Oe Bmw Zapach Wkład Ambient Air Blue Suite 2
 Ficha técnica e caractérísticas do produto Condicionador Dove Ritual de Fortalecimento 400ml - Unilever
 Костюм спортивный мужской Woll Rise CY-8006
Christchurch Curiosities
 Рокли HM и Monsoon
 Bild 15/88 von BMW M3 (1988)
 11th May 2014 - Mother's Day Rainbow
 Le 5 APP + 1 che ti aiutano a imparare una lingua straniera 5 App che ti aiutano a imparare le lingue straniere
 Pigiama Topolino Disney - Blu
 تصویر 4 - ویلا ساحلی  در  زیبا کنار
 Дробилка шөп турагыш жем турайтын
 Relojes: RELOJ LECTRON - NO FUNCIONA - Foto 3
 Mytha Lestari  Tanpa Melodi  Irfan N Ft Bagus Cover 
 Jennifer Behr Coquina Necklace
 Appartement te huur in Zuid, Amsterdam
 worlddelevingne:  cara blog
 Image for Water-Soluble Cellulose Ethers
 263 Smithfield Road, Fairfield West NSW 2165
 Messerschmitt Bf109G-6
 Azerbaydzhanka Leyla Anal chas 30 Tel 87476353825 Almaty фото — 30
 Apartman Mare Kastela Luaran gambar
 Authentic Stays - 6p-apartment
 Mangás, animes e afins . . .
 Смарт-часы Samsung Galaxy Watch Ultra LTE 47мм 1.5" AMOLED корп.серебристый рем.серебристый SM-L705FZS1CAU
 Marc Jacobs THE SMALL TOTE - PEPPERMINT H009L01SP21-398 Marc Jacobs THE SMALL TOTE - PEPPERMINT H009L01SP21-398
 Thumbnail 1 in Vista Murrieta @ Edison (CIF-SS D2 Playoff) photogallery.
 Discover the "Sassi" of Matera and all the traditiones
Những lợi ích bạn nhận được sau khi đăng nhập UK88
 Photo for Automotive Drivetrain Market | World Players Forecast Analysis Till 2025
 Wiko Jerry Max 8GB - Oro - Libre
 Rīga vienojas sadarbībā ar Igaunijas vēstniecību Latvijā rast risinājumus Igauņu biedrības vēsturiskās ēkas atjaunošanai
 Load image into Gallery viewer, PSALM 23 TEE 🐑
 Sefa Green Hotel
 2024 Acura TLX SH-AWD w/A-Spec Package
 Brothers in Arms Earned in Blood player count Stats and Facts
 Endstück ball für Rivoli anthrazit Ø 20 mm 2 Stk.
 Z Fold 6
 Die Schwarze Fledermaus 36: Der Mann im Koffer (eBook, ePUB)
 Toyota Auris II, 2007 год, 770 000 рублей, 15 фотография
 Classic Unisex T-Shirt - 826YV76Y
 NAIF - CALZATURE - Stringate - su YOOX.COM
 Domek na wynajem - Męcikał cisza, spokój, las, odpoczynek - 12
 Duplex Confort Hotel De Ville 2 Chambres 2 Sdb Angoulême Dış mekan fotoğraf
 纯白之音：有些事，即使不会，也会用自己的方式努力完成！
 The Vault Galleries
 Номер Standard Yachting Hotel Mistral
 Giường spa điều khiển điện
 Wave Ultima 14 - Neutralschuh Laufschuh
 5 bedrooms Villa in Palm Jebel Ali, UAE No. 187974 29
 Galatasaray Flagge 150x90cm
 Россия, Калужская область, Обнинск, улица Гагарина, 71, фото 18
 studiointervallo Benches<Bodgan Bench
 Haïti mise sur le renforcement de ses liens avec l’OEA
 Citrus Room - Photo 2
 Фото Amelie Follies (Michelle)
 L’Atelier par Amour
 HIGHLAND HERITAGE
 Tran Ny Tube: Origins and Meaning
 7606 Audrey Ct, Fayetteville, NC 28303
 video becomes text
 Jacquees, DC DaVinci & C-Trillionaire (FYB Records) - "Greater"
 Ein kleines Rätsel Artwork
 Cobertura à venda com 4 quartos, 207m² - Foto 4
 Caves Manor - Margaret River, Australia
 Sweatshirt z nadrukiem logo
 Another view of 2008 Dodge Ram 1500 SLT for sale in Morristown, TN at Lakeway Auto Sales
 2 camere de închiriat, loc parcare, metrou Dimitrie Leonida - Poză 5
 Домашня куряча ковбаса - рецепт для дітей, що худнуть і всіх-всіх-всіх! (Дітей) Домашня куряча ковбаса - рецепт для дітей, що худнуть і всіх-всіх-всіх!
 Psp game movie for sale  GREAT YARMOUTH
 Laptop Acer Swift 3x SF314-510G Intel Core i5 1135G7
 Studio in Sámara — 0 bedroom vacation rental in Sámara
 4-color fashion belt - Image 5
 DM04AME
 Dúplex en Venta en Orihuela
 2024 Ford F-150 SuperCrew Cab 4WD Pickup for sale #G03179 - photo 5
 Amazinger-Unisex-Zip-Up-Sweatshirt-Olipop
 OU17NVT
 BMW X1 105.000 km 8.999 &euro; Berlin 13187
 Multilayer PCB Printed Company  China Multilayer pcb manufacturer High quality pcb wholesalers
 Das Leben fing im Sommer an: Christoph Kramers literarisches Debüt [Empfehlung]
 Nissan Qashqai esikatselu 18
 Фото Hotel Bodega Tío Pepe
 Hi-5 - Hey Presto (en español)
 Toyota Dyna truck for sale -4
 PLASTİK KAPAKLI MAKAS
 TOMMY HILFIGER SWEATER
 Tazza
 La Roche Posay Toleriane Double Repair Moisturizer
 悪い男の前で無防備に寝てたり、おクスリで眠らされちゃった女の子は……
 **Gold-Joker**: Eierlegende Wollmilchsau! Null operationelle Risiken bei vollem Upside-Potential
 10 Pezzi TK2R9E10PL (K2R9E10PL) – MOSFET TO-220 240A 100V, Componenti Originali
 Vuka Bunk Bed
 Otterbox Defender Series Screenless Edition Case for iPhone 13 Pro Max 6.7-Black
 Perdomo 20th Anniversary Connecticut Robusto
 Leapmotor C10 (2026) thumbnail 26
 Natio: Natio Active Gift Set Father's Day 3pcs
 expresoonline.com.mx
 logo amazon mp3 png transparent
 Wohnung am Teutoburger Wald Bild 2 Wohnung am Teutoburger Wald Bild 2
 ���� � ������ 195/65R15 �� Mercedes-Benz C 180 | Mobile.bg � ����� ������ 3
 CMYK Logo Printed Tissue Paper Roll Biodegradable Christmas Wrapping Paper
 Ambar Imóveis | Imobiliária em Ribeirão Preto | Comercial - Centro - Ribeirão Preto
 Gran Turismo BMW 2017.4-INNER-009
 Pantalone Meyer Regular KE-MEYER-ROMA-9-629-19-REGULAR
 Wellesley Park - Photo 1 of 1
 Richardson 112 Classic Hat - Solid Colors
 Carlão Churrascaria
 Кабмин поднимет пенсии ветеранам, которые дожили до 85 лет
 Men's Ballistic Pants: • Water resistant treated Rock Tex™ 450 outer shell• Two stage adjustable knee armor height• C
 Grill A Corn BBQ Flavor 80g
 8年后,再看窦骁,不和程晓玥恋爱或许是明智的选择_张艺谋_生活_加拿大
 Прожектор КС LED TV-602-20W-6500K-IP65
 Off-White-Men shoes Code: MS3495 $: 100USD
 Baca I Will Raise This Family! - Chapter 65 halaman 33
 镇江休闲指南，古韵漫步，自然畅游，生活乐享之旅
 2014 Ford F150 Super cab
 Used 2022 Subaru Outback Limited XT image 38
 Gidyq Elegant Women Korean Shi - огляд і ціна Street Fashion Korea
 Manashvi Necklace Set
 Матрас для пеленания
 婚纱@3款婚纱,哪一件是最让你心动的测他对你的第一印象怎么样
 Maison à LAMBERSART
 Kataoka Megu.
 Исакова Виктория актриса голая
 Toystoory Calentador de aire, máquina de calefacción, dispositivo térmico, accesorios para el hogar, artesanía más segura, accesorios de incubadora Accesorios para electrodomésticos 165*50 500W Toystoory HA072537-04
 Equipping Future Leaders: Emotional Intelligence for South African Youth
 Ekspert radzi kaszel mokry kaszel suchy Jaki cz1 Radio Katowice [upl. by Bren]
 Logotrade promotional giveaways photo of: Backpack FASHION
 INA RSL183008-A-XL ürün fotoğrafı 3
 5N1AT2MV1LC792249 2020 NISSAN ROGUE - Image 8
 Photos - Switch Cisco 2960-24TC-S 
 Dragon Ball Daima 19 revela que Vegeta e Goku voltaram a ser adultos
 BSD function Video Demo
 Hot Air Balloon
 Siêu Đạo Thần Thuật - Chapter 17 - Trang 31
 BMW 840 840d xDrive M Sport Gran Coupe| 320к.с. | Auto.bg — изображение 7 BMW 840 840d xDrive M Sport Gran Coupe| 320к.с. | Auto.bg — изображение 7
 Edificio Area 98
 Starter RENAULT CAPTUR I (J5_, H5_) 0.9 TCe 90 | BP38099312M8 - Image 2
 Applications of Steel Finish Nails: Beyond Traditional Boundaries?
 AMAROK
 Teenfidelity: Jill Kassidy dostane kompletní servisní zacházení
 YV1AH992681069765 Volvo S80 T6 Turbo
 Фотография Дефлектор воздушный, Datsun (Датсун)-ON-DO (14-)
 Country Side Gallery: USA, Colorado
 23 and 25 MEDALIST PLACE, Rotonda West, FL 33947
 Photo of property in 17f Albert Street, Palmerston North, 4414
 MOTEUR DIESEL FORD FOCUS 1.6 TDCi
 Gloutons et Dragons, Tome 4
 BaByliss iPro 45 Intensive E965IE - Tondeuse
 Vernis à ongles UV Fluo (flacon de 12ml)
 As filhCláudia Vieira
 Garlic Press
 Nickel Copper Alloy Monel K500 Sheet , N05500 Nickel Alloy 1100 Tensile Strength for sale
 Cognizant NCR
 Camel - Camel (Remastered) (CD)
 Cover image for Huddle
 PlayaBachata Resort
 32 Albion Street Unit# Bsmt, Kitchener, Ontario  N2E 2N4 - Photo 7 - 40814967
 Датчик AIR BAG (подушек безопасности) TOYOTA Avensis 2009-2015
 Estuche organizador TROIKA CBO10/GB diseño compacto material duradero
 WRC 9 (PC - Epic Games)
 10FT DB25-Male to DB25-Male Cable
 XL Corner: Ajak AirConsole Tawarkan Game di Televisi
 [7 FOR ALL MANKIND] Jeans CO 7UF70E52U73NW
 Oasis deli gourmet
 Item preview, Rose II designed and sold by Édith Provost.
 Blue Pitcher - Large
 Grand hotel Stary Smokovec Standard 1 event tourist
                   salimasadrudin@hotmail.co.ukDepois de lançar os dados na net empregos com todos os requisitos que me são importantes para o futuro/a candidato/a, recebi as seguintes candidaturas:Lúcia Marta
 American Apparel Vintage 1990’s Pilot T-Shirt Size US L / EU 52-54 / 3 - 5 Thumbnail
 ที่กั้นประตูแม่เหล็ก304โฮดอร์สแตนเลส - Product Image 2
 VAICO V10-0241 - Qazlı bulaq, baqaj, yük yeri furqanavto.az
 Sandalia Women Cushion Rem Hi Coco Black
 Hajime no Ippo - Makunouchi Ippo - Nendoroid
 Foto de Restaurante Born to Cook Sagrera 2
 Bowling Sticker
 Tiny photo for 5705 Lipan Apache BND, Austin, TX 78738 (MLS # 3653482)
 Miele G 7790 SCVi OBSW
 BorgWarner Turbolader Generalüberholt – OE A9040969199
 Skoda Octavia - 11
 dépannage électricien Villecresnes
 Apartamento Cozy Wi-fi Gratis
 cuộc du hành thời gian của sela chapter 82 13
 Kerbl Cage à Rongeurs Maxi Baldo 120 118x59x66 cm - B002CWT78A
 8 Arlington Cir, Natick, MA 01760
- - -
Exercise: Using the entries above, repeat only the lines from the one containing "Ambar Imóveis |" through the one containing "Gidyq Elegant Women", end lines included.

Answer box:
 Ambar Imóveis | Imobiliária em Ribeirão Preto | Comercial - Centro - Ribeirão Preto
 Gran Turismo BMW 2017.4-INNER-009
 Pantalone Meyer Regular KE-MEYER-ROMA-9-629-19-REGULAR
 Wellesley Park - Photo 1 of 1
 Richardson 112 Classic Hat - Solid Colors
 Carlão Churrascaria
 Кабмин поднимет пенсии ветеранам, которые дожили до 85 лет
 Men's Ballistic Pants: • Water resistant treated Rock Tex™ 450 outer shell• Two stage adjustable knee armor height• C
 Grill A Corn BBQ Flavor 80g
 8年后,再看窦骁,不和程晓玥恋爱或许是明智的选择_张艺谋_生活_加拿大
 Прожектор КС LED TV-602-20W-6500K-IP65
 Off-White-Men shoes Code: MS3495 $: 100USD
 Baca I Will Raise This Family! - Chapter 65 halaman 33
 镇江休闲指南，古韵漫步，自然畅游，生活乐享之旅
 2014 Ford F150 Super cab
 Used 2022 Subaru Outback Limited XT image 38
 Gidyq Elegant Women Korean Shi - огляд і ціна Street Fashion Korea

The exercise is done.